Folks, let's take a look at this objectively eh? I'm 60, so I have some experience here with buying and sell real estate since I've had places to live and some I've owned, so to do that I've had to buy and sell them.
In the days before Internet-accessible MLS an agent that did work for the buyer had real value to bring to the table. Not as much as you'd like; for example they generally would not answer specific questions about a neighborhood or similar things for fear of being tagged for "Fair Housing" violations, but since you couldn't get to the MLS directly they could run a search for, as an example, "all 3+ bedroom, 2+ bath houses in this township with a price under $400,000" and then give you the listing history for them, pictures, locations and similar. Days on market, price and tax history, etc.
Today you can do all that yourself and thus that part of the value was destroyed. I didn't destroy it, the real estate industry did. The buy-side agents are the ones who wound up with wildly diminished "value" to sell.

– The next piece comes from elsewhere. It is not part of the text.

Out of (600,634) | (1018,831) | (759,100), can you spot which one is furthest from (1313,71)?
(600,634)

Over the last decade or so they still thought they should get either an equal or close to it split of commission. For what, exactly? The title company does the title work. The Realtor is not an attorney and thus can't give legal advice, nor are they a mortgage banker! Should you listen to them on who to hire for inspections and such? Uh, well, I don't know -- maybe, but maybe there's a conflict of interest there in that if you don't close they don't get paid so...... yeah that could be a problem.
Industries get disrupted by technology all the time. This one did.

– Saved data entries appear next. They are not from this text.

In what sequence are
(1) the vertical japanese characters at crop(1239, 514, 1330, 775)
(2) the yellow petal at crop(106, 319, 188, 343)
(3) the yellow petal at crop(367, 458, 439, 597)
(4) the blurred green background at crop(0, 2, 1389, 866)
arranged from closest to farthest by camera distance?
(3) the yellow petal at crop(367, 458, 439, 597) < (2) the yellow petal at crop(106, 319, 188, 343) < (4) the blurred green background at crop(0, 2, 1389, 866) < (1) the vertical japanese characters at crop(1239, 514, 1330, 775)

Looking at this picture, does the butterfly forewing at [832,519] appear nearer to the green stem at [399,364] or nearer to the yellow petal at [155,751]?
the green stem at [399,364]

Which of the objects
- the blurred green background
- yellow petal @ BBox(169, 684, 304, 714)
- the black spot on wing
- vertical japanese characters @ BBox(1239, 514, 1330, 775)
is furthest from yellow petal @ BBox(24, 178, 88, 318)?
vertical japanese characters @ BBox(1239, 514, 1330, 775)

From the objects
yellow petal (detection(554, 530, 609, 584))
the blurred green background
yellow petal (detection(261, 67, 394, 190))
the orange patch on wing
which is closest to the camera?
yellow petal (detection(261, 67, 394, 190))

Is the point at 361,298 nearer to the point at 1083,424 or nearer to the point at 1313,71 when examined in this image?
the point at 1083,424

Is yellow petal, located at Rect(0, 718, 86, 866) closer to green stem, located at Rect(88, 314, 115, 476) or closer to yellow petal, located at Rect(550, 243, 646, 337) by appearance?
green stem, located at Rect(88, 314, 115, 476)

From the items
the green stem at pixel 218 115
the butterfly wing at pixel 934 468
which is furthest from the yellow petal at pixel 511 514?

Tell me why I shouldn't just use Realtor.com, Zillow or whatever, do my own looking around and then call all the seller agents to see the place if I want to. If they refuse the showing they're violating their fiduciary responsibility to the seller as I'm a bona-fide potential buyer who might want the house! How would you, as a seller, like to find out that you missed the sale because your agent, who allegedly is representing your interest, refused to let me see the place without being contractually bound to someone? You probably would consider that outrageous, you'd be right, and IMHO you ought to consider suing.

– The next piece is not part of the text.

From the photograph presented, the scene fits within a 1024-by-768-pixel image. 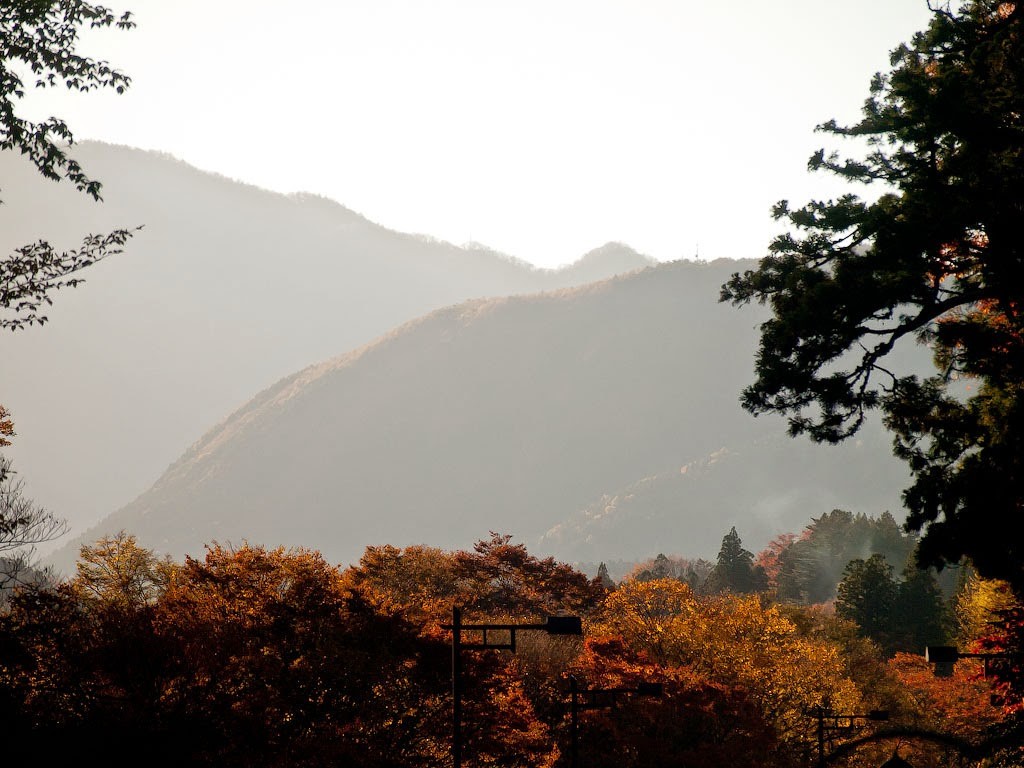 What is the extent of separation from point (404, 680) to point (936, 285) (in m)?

Heh, I get it. A lot of agents, especially over the last few years, have basically gotten paid to do nothing on the buying side. Sure, they work on the selling side -- getting photography and "staging" (whether real or virtual) done, comp analysis for pricing and similar, keeping track of who has expressed interest and calling them back and such. That all makes sense.
Now what does the buyer's side "agent" bring in terms of irreplaceable value to the equation?
I don't see it for most transactions. Now for one that's truly "remote" (e.g. not hands-on) then perhaps but now we're into an entirely different realm of trust and such than you usually are talking about with residential real estate.
I'm sure farriers were upset when horses went from primarily transportation devices to recreational and competitive pursuits. But being upset that technology changed your line of work won't "un-change" it, and attempting to force people to pay you when the former value you provided is no longer something you are providing at all 99% of the time is foolish. It won't work but it will make consumers extremely angry, perhaps enough to do what they can to destroy what's left of your industry.